▸ ACTIVITY:
Among the lines below, copy exactly those from the one with "Disegno originale della doppia elica del DNA" through the one with "秋季阴雨连绵，猫咪成人官网用起来", counting both ends.

▸ AVAILABLE DATA:
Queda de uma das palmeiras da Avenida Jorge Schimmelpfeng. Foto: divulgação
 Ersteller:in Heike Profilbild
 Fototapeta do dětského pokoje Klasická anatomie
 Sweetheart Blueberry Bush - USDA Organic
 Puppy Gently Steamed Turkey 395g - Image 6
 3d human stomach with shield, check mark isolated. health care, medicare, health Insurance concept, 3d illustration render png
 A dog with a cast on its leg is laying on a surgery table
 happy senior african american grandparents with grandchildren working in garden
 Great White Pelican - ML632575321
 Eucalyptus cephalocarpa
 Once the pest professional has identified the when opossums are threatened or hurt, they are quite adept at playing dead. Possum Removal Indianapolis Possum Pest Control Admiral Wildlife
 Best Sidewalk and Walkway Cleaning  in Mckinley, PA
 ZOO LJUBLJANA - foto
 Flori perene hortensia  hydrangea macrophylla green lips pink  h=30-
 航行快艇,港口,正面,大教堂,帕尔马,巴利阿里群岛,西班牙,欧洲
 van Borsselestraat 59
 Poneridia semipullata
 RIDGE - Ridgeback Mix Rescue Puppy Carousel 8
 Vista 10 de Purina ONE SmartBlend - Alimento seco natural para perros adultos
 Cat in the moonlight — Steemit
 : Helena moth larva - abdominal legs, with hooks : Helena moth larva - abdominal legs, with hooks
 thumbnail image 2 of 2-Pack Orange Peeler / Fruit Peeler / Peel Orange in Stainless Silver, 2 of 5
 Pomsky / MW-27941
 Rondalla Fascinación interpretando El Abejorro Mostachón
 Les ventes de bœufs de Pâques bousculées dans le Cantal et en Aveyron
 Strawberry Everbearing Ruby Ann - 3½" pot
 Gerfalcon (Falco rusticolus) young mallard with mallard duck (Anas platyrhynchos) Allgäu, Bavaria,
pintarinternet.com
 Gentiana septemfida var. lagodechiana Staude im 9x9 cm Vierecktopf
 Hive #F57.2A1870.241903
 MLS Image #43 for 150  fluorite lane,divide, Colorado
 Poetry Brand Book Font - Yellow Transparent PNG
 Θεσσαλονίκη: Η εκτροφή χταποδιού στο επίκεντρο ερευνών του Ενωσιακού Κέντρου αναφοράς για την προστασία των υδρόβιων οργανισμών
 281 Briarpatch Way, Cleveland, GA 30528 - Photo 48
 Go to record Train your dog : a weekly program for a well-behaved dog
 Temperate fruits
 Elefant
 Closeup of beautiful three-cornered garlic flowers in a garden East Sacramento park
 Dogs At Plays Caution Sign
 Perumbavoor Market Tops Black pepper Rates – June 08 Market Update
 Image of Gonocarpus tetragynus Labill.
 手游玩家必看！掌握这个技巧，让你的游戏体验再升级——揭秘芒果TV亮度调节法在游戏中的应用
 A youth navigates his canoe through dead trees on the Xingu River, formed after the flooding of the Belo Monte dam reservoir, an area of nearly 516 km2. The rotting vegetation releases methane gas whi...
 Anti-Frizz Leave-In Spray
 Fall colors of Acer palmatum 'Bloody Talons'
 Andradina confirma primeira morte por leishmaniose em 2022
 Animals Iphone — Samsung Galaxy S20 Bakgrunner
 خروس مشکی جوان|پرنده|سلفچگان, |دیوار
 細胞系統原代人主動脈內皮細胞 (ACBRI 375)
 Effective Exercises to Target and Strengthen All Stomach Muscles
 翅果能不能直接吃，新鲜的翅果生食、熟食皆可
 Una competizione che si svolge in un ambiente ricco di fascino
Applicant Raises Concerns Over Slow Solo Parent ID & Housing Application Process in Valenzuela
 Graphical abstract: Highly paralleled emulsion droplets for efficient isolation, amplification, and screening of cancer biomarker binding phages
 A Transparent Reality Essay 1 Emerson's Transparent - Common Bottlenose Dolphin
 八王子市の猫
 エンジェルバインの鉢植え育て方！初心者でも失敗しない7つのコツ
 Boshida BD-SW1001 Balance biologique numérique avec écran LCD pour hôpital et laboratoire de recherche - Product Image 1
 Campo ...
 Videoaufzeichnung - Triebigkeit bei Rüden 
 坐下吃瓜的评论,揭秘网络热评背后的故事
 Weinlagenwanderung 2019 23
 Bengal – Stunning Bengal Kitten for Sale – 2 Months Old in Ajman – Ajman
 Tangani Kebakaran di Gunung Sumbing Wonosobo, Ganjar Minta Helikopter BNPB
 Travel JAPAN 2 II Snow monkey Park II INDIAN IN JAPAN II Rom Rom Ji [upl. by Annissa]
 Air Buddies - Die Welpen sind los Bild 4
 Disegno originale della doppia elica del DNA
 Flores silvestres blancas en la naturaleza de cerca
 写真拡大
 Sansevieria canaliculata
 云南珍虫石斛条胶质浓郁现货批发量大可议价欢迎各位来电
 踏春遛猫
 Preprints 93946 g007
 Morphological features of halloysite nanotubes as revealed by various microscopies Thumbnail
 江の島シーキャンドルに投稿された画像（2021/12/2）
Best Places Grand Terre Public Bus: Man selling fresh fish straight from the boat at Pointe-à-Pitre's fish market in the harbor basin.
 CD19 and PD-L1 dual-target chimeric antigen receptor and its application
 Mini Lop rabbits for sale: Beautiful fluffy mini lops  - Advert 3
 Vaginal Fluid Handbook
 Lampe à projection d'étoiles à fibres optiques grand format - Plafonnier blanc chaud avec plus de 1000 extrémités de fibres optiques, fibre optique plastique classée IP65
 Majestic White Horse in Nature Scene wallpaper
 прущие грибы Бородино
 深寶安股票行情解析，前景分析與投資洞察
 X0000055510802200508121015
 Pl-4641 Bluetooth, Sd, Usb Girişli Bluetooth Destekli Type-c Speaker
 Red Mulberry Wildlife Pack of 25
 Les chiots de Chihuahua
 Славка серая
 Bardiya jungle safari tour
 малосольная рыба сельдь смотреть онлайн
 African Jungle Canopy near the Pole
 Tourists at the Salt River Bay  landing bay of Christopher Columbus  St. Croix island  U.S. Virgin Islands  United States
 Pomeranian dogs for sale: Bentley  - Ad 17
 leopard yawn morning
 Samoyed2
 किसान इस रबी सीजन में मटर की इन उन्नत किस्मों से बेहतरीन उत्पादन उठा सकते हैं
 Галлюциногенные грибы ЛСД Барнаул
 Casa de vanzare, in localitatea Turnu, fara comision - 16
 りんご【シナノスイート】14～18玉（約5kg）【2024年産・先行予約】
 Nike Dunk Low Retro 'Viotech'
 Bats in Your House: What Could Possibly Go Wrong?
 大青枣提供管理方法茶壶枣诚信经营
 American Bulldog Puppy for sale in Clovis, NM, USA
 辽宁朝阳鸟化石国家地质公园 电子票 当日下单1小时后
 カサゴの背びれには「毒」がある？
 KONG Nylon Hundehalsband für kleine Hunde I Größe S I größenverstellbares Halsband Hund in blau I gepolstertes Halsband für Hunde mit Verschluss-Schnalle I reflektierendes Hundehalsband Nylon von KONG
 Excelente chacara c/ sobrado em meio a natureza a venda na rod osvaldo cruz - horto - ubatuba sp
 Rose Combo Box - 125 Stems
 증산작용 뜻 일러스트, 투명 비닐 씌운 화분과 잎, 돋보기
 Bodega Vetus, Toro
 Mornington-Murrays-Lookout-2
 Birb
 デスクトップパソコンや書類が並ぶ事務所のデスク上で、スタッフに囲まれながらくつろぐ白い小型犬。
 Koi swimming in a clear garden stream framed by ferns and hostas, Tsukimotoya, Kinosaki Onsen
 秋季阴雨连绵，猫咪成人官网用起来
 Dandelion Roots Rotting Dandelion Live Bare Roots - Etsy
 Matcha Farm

▸ REPLY:
 Disegno originale della doppia elica del DNA
 Flores silvestres blancas en la naturaleza de cerca
 写真拡大
 Sansevieria canaliculata
 云南珍虫石斛条胶质浓郁现货批发量大可议价欢迎各位来电
 踏春遛猫
 Preprints 93946 g007
 Morphological features of halloysite nanotubes as revealed by various microscopies Thumbnail
 江の島シーキャンドルに投稿された画像（2021/12/2）
Best Places Grand Terre Public Bus: Man selling fresh fish straight from the boat at Pointe-à-Pitre's fish market in the harbor basin.
 CD19 and PD-L1 dual-target chimeric antigen receptor and its application
 Mini Lop rabbits for sale: Beautiful fluffy mini lops  - Advert 3
 Vaginal Fluid Handbook
 Lampe à projection d'étoiles à fibres optiques grand format - Plafonnier blanc chaud avec plus de 1000 extrémités de fibres optiques, fibre optique plastique classée IP65
 Majestic White Horse in Nature Scene wallpaper
 прущие грибы Бородино
 深寶安股票行情解析，前景分析與投資洞察
 X0000055510802200508121015
 Pl-4641 Bluetooth, Sd, Usb Girişli Bluetooth Destekli Type-c Speaker
 Red Mulberry Wildlife Pack of 25
 Les chiots de Chihuahua
 Славка серая
 Bardiya jungle safari tour
 малосольная рыба сельдь смотреть онлайн
 African Jungle Canopy near the Pole
 Tourists at the Salt River Bay  landing bay of Christopher Columbus  St. Croix island  U.S. Virgin Islands  United States
 Pomeranian dogs for sale: Bentley  - Ad 17
 leopard yawn morning
 Samoyed2
 किसान इस रबी सीजन में मटर की इन उन्नत किस्मों से बेहतरीन उत्पादन उठा सकते हैं
 Галлюциногенные грибы ЛСД Барнаул
 Casa de vanzare, in localitatea Turnu, fara comision - 16
 りんご【シナノスイート】14～18玉（約5kg）【2024年産・先行予約】
 Nike Dunk Low Retro 'Viotech'
 Bats in Your House: What Could Possibly Go Wrong?
 大青枣提供管理方法茶壶枣诚信经营
 American Bulldog Puppy for sale in Clovis, NM, USA
 辽宁朝阳鸟化石国家地质公园 电子票 当日下单1小时后
 カサゴの背びれには「毒」がある？
 KONG Nylon Hundehalsband für kleine Hunde I Größe S I größenverstellbares Halsband Hund in blau I gepolstertes Halsband für Hunde mit Verschluss-Schnalle I reflektierendes Hundehalsband Nylon von KONG
 Excelente chacara c/ sobrado em meio a natureza a venda na rod osvaldo cruz - horto - ubatuba sp
 Rose Combo Box - 125 Stems
 증산작용 뜻 일러스트, 투명 비닐 씌운 화분과 잎, 돋보기
 Bodega Vetus, Toro
 Mornington-Murrays-Lookout-2
 Birb
 デスクトップパソコンや書類が並ぶ事務所のデスク上で、スタッフに囲まれながらくつろぐ白い小型犬。
 Koi swimming in a clear garden stream framed by ferns and hostas, Tsukimotoya, Kinosaki Onsen
 秋季阴雨连绵，猫咪成人官网用起来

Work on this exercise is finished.